* _Task goal_
Scan the records for the line containing "Baby Otter Dressed"; extract it and all later lines, verbatim, through the end, and nothing before it.

── Records supplied ──

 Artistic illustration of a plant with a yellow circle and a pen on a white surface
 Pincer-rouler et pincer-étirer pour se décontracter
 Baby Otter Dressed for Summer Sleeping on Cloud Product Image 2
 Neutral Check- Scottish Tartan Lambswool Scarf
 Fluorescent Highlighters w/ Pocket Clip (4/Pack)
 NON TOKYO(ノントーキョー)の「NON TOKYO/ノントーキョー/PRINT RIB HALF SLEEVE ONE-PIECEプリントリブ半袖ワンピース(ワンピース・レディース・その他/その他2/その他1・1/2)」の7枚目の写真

───

* _Answer box_
 Baby Otter Dressed for Summer Sleeping on Cloud Product Image 2
 Neutral Check- Scottish Tartan Lambswool Scarf
 Fluorescent Highlighters w/ Pocket Clip (4/Pack)
 NON TOKYO(ノントーキョー)の「NON TOKYO/ノントーキョー/PRINT RIB HALF SLEEVE ONE-PIECEプリントリブ半袖ワンピース(ワンピース・レディース・その他/その他2/その他1・1/2)」の7枚目の写真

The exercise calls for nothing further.